A faithful copy is needed of the lines below from the one with "So first, I'm" up to and including the one with "I ride Thunders"; set it down with no pictures and no other lines.
** Opening Study material block **
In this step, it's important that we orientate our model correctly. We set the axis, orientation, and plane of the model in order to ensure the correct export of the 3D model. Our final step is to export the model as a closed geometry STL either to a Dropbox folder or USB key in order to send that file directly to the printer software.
** Closing Study material block **
** Opening Study material block **
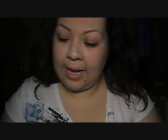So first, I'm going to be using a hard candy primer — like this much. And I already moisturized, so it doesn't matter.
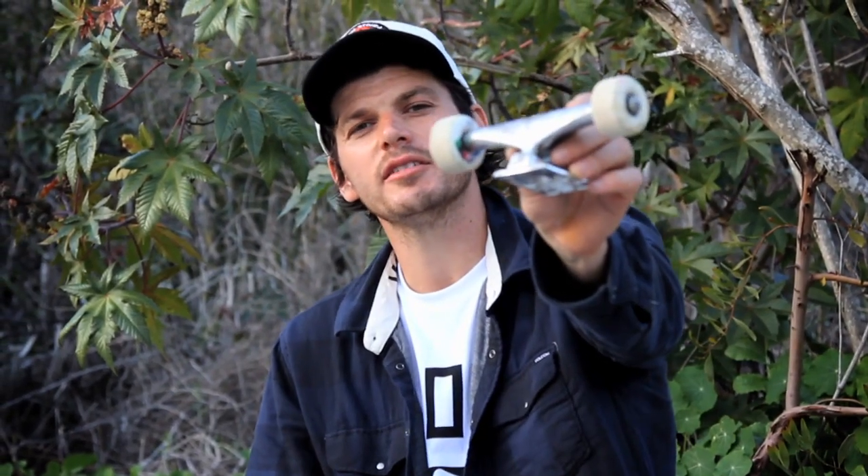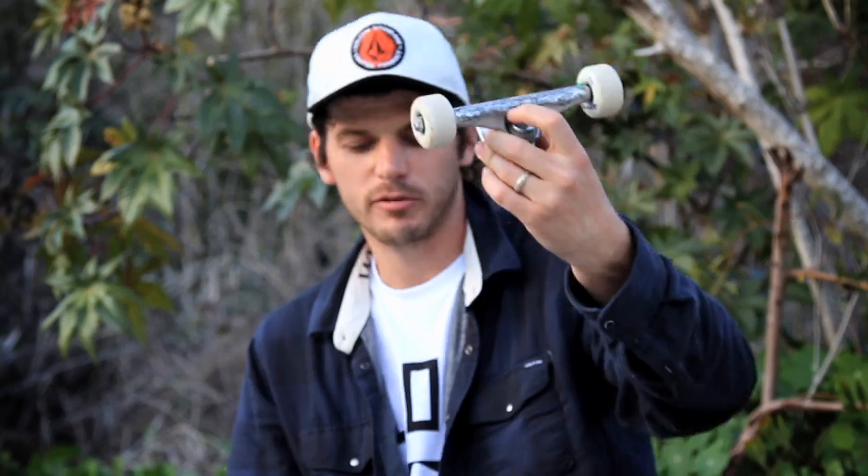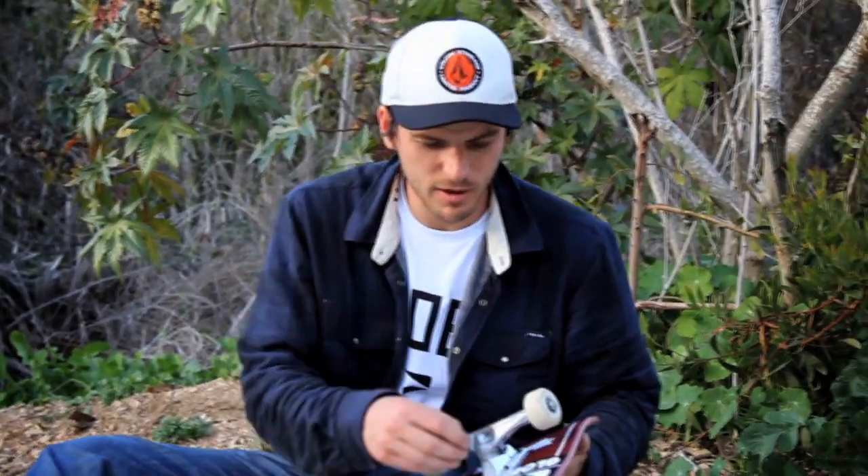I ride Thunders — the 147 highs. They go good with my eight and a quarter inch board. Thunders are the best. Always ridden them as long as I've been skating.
** Closing Study material block **
# Problem solution:
So first, I'm going to be using a hard candy primer — like this much. And I already moisturized, so it doesn't matter.
I ride Thunders — the 147 highs. They go good with my eight and a quarter inch board. Thunders are the best. Always ridden them as long as I've been skating.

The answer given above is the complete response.